Hawkings, how was Epstein island?
Really? Only one woman? Marie Curie is my choice
3h in a room with her might put you over your annual allowed radiation limit though.
True, thanks for the heads-up
“So, did you ever have any plans to build that helicopter thing you drew?”
“Chi sei? Dove sono? Come sono arrivato qui?”
“Sorry, what?”
You could use a phone to translate what people who speak in modern languages are saying, but I don’t know how well it would translate to and from 15th century Italian.
Bohr
With Marie Curie but perhaps via zoom.
I was about to say one of them should be allowed 30h but hell yes
Leonardo to blow his mind and maybe make a time paradox
Tesla to explain to him that he really needs to take some financial advice because it’s not about him, it’s about people using his techniques.

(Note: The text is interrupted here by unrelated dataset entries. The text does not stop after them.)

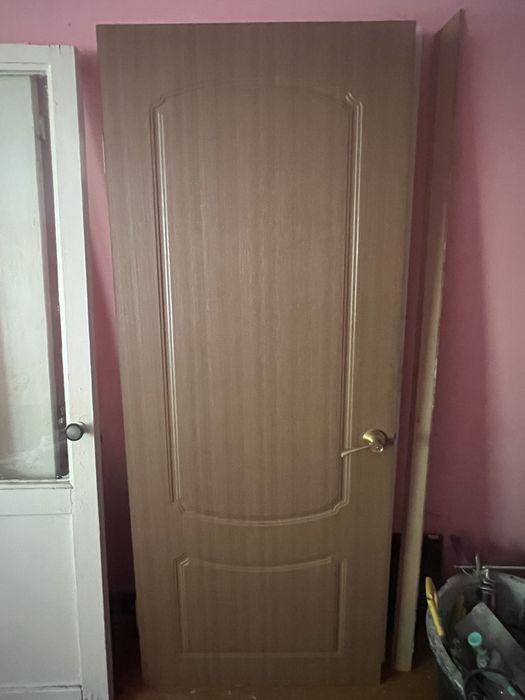 Продаю дверь б/у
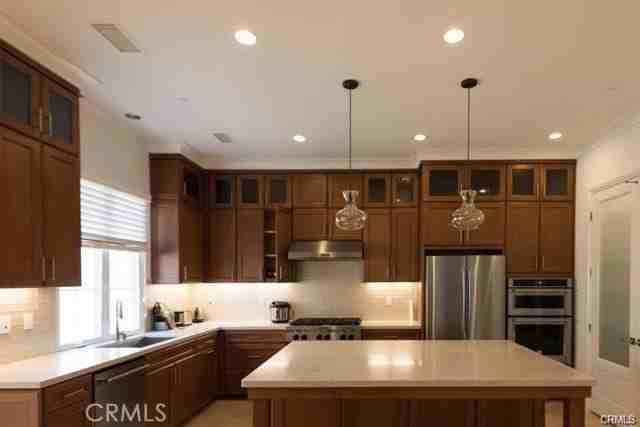 61 Stetson - Photo 2 of 6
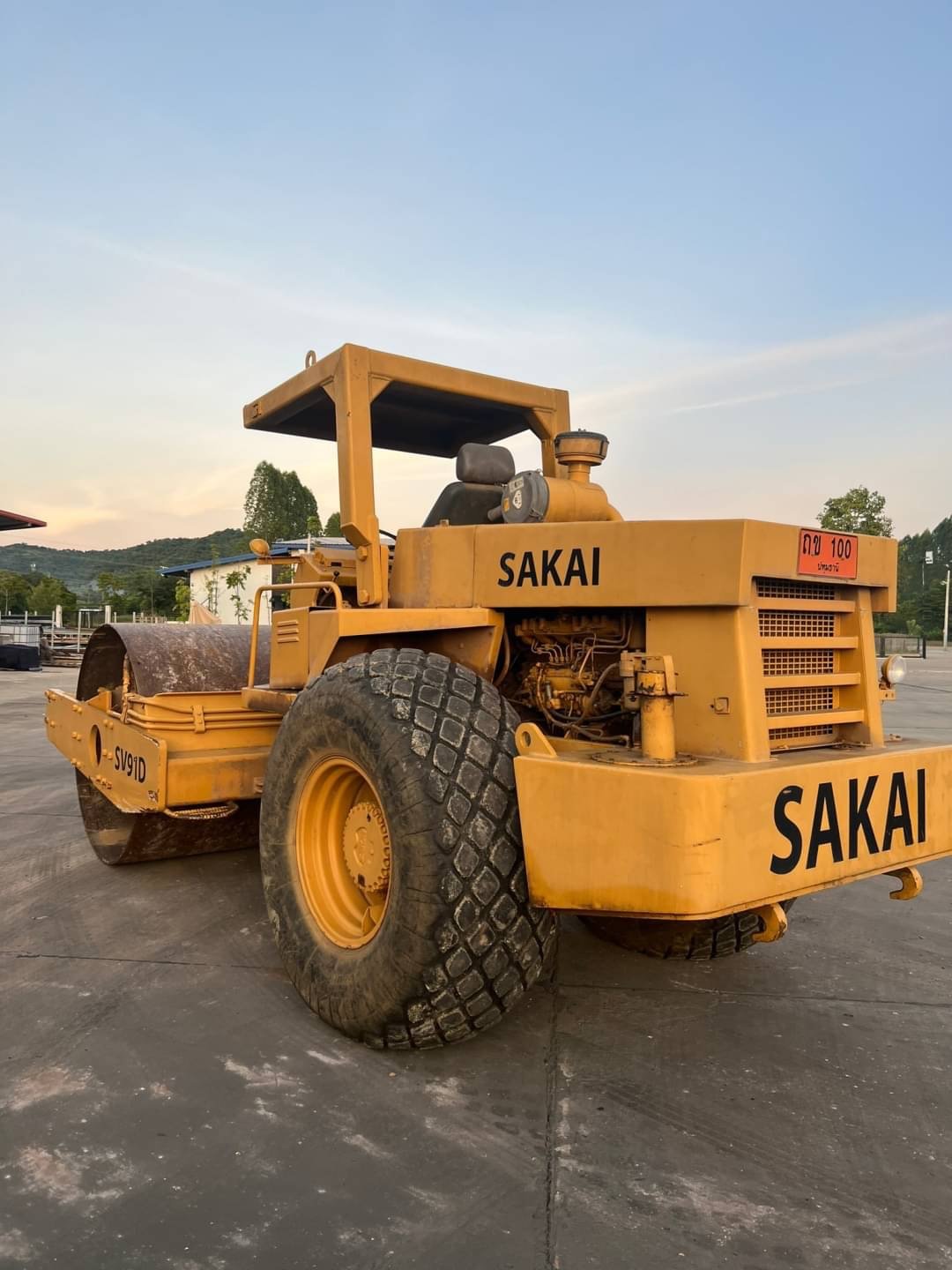 รถบดสั่นสะเทือน 10 ตัน SAKAI  SV 91 D 2 เพลา ล้อเรียบ เล่มทะเบียน รถสวยพร้อมใช้งาน เอกสารพร้อมโอน
ราคา 590,000 บาท
สนใจติดต่อได้ครับ
064-575-7827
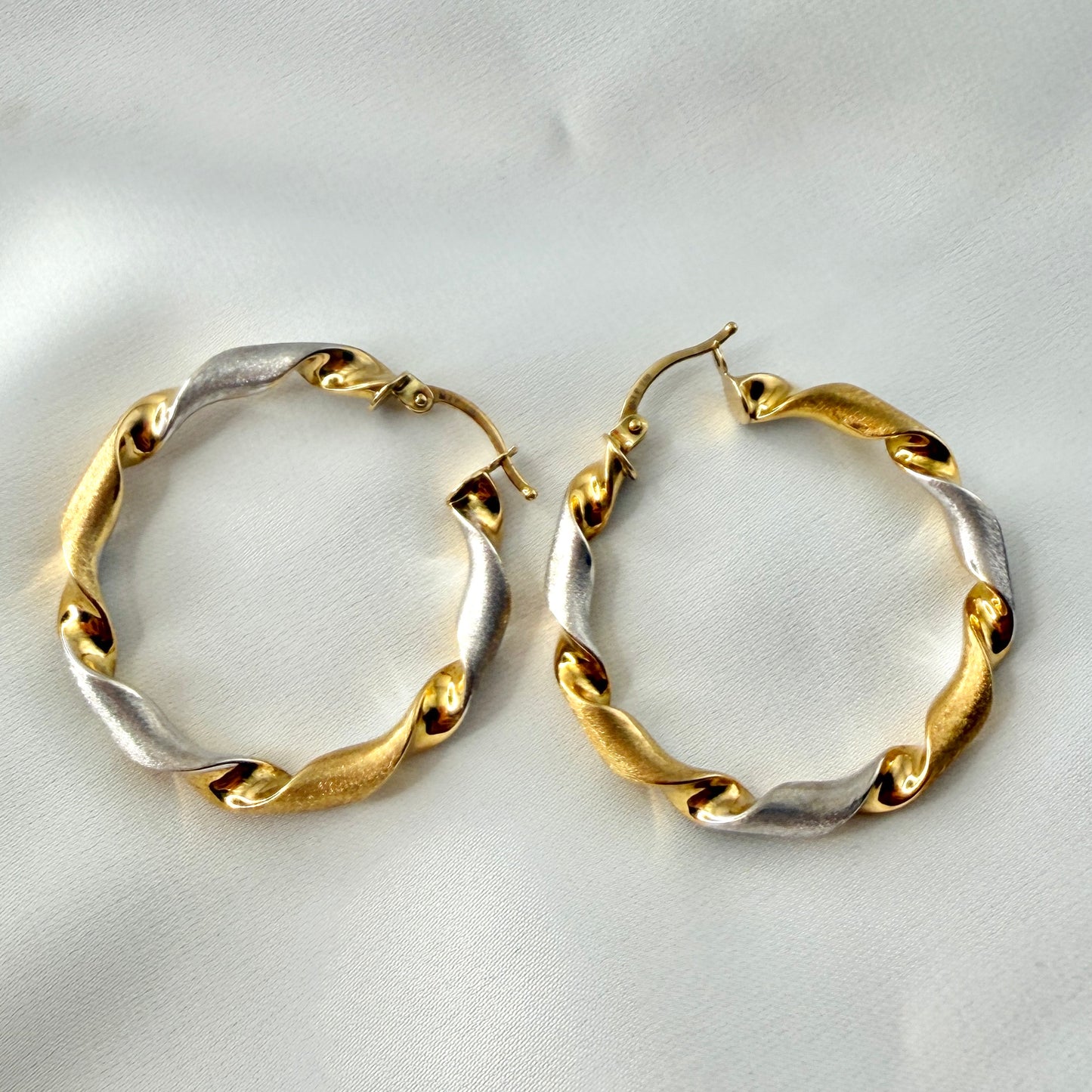 Matte Twisted Hoop ER010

Edison to punch in the face repeatedly for an hour
Where’s Von Neumman?!
We need to get Euler in there as well!
Probably Einstein, because he seems like an interesting dude beyond his physics. He liked philosophy, for example, and is one of the examples that I invoke when I argue that university level science education should involve more philosophy — Einstein wasn’t an anomaly in this respect, but a good symbol for discussing how the practice of scientists doing philosophy seems to have waned over the 20th century.
He was also pro-socialism, and had sensible takes about how science isn’t a universal solution to stuff, but a specialised tool that is good for some problems but not for others.
Related: those who enjoy long video essays may enjoy this one from an awesome ex-astrophysicist: Einstein Was a Socialist; Should We Care? (1h16m)
pro-socialism
Some people really can’t say the C-word.
I mean, Socialism and Communism are different things. Regardless of one’s own personal perspective on the matter, it’s certainly plausible that someone could be in favour of socialism, but not communism (I can’t speak to Einstein’s views on communism specifically, given that much of what I know of his political views in this vein comes from his essay “Why Socialism?”. He may well have been a raging commie, but chose Socialism because he was aiming his piece at a particular audience.)
Edit: forgot to close my parentheses
(I can’t speak to Einstein’s views on communism specifically, given that much of what I know of his political views in this vein comes from his essay “Why Socialism?”. He may well have been a raging commie, but chose Socialism because he was aiming his piece at a particular audience.)
He already had to leave one country before, it’s probably more him being careful.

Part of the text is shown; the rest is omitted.